[Collected data]
□ □ □ □
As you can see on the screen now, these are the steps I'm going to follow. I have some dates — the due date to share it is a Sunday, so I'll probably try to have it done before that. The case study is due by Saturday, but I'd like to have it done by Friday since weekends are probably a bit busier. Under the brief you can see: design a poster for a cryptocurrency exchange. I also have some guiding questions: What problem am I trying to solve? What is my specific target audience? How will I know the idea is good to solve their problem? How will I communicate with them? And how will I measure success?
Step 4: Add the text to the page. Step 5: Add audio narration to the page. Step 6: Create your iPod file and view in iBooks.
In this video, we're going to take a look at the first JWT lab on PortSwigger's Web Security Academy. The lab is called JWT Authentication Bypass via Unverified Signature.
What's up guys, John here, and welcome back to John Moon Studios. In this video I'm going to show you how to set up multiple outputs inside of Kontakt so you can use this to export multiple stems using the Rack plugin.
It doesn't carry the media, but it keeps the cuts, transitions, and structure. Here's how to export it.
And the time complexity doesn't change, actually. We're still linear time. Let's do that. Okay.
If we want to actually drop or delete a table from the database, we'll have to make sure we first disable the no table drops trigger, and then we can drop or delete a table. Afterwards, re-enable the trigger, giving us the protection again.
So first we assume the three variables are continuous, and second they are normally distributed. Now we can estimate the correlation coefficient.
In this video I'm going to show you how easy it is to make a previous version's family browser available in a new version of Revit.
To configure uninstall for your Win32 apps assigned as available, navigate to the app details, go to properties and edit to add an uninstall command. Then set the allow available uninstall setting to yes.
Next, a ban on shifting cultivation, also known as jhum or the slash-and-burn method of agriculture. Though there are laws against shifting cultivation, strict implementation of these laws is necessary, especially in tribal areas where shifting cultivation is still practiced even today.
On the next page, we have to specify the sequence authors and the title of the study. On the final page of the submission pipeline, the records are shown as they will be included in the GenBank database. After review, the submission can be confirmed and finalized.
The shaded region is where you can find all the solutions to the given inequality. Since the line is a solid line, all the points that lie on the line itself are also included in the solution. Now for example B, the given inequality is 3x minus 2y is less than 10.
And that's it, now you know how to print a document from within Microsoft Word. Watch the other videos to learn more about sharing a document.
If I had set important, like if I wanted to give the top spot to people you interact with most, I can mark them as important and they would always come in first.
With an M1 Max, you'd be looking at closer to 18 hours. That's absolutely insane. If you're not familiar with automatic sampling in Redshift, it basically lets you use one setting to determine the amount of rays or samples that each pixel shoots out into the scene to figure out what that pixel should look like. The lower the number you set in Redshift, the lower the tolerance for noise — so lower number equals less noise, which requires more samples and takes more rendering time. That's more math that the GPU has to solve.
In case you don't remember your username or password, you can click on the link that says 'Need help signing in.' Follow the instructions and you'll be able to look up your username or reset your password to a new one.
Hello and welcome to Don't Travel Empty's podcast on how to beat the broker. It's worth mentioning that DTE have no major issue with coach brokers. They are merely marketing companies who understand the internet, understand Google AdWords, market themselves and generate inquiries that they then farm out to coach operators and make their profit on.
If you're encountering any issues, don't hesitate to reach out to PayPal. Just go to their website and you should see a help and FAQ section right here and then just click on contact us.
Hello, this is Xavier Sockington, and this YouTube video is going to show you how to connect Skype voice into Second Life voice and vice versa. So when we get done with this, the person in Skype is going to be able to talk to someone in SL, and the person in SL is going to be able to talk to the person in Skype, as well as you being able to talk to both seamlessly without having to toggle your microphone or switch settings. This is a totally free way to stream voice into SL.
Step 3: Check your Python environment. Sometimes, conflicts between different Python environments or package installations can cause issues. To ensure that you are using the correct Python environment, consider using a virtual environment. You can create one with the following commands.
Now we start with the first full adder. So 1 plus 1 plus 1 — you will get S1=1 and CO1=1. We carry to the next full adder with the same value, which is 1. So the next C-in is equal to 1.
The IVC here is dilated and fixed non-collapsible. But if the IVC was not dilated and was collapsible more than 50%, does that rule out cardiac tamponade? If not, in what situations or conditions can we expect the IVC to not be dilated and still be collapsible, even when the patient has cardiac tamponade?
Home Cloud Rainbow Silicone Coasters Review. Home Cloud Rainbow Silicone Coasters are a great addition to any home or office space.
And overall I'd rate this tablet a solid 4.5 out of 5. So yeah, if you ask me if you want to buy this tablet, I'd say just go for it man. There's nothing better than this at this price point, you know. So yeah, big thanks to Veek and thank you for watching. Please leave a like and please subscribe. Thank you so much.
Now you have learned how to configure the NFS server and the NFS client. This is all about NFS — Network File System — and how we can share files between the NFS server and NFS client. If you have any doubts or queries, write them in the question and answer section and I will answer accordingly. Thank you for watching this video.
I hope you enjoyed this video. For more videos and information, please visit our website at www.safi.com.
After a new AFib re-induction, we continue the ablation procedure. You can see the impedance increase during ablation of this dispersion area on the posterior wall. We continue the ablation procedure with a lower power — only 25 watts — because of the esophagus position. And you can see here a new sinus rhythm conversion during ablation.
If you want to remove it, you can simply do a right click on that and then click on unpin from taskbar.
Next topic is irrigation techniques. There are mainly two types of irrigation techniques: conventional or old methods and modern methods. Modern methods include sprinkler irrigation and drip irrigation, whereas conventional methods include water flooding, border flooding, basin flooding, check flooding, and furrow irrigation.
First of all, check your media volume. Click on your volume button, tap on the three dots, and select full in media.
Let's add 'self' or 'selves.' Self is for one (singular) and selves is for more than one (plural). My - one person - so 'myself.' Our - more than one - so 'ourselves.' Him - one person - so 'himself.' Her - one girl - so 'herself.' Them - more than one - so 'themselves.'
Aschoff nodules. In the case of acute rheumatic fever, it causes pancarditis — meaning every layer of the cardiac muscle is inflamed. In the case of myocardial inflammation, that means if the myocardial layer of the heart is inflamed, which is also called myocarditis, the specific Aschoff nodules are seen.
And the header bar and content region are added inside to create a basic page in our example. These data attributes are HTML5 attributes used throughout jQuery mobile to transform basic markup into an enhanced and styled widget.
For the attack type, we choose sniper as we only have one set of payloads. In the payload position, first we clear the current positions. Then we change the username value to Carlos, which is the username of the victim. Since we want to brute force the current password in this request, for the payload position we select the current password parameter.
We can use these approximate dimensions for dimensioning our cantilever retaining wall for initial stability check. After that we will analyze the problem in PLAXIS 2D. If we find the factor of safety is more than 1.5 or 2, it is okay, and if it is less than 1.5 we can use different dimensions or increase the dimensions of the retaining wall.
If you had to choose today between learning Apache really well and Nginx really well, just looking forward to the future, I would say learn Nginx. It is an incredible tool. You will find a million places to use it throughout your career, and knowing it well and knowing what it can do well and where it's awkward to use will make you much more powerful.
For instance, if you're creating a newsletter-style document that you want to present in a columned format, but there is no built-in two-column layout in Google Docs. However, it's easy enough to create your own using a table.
□ □ □ □
Exact copies of all the entries above are required.

As you can see on the screen now, these are the steps I'm going to follow. I have some dates — the due date to share it is a Sunday, so I'll probably try to have it done before that. The case study is due by Saturday, but I'd like to have it done by Friday since weekends are probably a bit busier. Under the brief you can see: design a poster for a cryptocurrency exchange. I also have some guiding questions: What problem am I trying to solve? What is my specific target audience? How will I know the idea is good to solve their problem? How will I communicate with them? And how will I measure success?
Step 4: Add the text to the page. Step 5: Add audio narration to the page. Step 6: Create your iPod file and view in iBooks.
In this video, we're going to take a look at the first JWT lab on PortSwigger's Web Security Academy. The lab is called JWT Authentication Bypass via Unverified Signature.
What's up guys, John here, and welcome back to John Moon Studios. In this video I'm going to show you how to set up multiple outputs inside of Kontakt so you can use this to export multiple stems using the Rack plugin.
It doesn't carry the media, but it keeps the cuts, transitions, and structure. Here's how to export it.
And the time complexity doesn't change, actually. We're still linear time. Let's do that. Okay.
If we want to actually drop or delete a table from the database, we'll have to make sure we first disable the no table drops trigger, and then we can drop or delete a table. Afterwards, re-enable the trigger, giving us the protection again.
So first we assume the three variables are continuous, and second they are normally distributed. Now we can estimate the correlation coefficient.
In this video I'm going to show you how easy it is to make a previous version's family browser available in a new version of Revit.
To configure uninstall for your Win32 apps assigned as available, navigate to the app details, go to properties and edit to add an uninstall command. Then set the allow available uninstall setting to yes.
Next, a ban on shifting cultivation, also known as jhum or the slash-and-burn method of agriculture. Though there are laws against shifting cultivation, strict implementation of these laws is necessary, especially in tribal areas where shifting cultivation is still practiced even today.
On the next page, we have to specify the sequence authors and the title of the study. On the final page of the submission pipeline, the records are shown as they will be included in the GenBank database. After review, the submission can be confirmed and finalized.
The shaded region is where you can find all the solutions to the given inequality. Since the line is a solid line, all the points that lie on the line itself are also included in the solution. Now for example B, the given inequality is 3x minus 2y is less than 10.
And that's it, now you know how to print a document from within Microsoft Word. Watch the other videos to learn more about sharing a document.
If I had set important, like if I wanted to give the top spot to people you interact with most, I can mark them as important and they would always come in first.
With an M1 Max, you'd be looking at closer to 18 hours. That's absolutely insane. If you're not familiar with automatic sampling in Redshift, it basically lets you use one setting to determine the amount of rays or samples that each pixel shoots out into the scene to figure out what that pixel should look like. The lower the number you set in Redshift, the lower the tolerance for noise — so lower number equals less noise, which requires more samples and takes more rendering time. That's more math that the GPU has to solve.
In case you don't remember your username or password, you can click on the link that says 'Need help signing in.' Follow the instructions and you'll be able to look up your username or reset your password to a new one.
Hello and welcome to Don't Travel Empty's podcast on how to beat the broker. It's worth mentioning that DTE have no major issue with coach brokers. They are merely marketing companies who understand the internet, understand Google AdWords, market themselves and generate inquiries that they then farm out to coach operators and make their profit on.
If you're encountering any issues, don't hesitate to reach out to PayPal. Just go to their website and you should see a help and FAQ section right here and then just click on contact us.
Hello, this is Xavier Sockington, and this YouTube video is going to show you how to connect Skype voice into Second Life voice and vice versa. So when we get done with this, the person in Skype is going to be able to talk to someone in SL, and the person in SL is going to be able to talk to the person in Skype, as well as you being able to talk to both seamlessly without having to toggle your microphone or switch settings. This is a totally free way to stream voice into SL.
Step 3: Check your Python environment. Sometimes, conflicts between different Python environments or package installations can cause issues. To ensure that you are using the correct Python environment, consider using a virtual environment. You can create one with the following commands.
Now we start with the first full adder. So 1 plus 1 plus 1 — you will get S1=1 and CO1=1. We carry to the next full adder with the same value, which is 1. So the next C-in is equal to 1.
The IVC here is dilated and fixed non-collapsible. But if the IVC was not dilated and was collapsible more than 50%, does that rule out cardiac tamponade? If not, in what situations or conditions can we expect the IVC to not be dilated and still be collapsible, even when the patient has cardiac tamponade?
Home Cloud Rainbow Silicone Coasters Review. Home Cloud Rainbow Silicone Coasters are a great addition to any home or office space.
And overall I'd rate this tablet a solid 4.5 out of 5. So yeah, if you ask me if you want to buy this tablet, I'd say just go for it man. There's nothing better than this at this price point, you know. So yeah, big thanks to Veek and thank you for watching. Please leave a like and please subscribe. Thank you so much.
Now you have learned how to configure the NFS server and the NFS client. This is all about NFS — Network File System — and how we can share files between the NFS server and NFS client. If you have any doubts or queries, write them in the question and answer section and I will answer accordingly. Thank you for watching this video.
I hope you enjoyed this video. For more videos and information, please visit our website at www.safi.com.
After a new AFib re-induction, we continue the ablation procedure. You can see the impedance increase during ablation of this dispersion area on the posterior wall. We continue the ablation procedure with a lower power — only 25 watts — because of the esophagus position. And you can see here a new sinus rhythm conversion during ablation.
If you want to remove it, you can simply do a right click on that and then click on unpin from taskbar.
Next topic is irrigation techniques. There are mainly two types of irrigation techniques: conventional or old methods and modern methods. Modern methods include sprinkler irrigation and drip irrigation, whereas conventional methods include water flooding, border flooding, basin flooding, check flooding, and furrow irrigation.
First of all, check your media volume. Click on your volume button, tap on the three dots, and select full in media.
Let's add 'self' or 'selves.' Self is for one (singular) and selves is for more than one (plural). My - one person - so 'myself.' Our - more than one - so 'ourselves.' Him - one person - so 'himself.' Her - one girl - so 'herself.' Them - more than one - so 'themselves.'
Aschoff nodules. In the case of acute rheumatic fever, it causes pancarditis — meaning every layer of the cardiac muscle is inflamed. In the case of myocardial inflammation, that means if the myocardial layer of the heart is inflamed, which is also called myocarditis, the specific Aschoff nodules are seen.
And the header bar and content region are added inside to create a basic page in our example. These data attributes are HTML5 attributes used throughout jQuery mobile to transform basic markup into an enhanced and styled widget.
For the attack type, we choose sniper as we only have one set of payloads. In the payload position, first we clear the current positions. Then we change the username value to Carlos, which is the username of the victim. Since we want to brute force the current password in this request, for the payload position we select the current password parameter.
We can use these approximate dimensions for dimensioning our cantilever retaining wall for initial stability check. After that we will analyze the problem in PLAXIS 2D. If we find the factor of safety is more than 1.5 or 2, it is okay, and if it is less than 1.5 we can use different dimensions or increase the dimensions of the retaining wall.
If you had to choose today between learning Apache really well and Nginx really well, just looking forward to the future, I would say learn Nginx. It is an incredible tool. You will find a million places to use it throughout your career, and knowing it well and knowing what it can do well and where it's awkward to use will make you much more powerful.
For instance, if you're creating a newsletter-style document that you want to present in a columned format, but there is no built-in two-column layout in Google Docs. However, it's easy enough to create your own using a table.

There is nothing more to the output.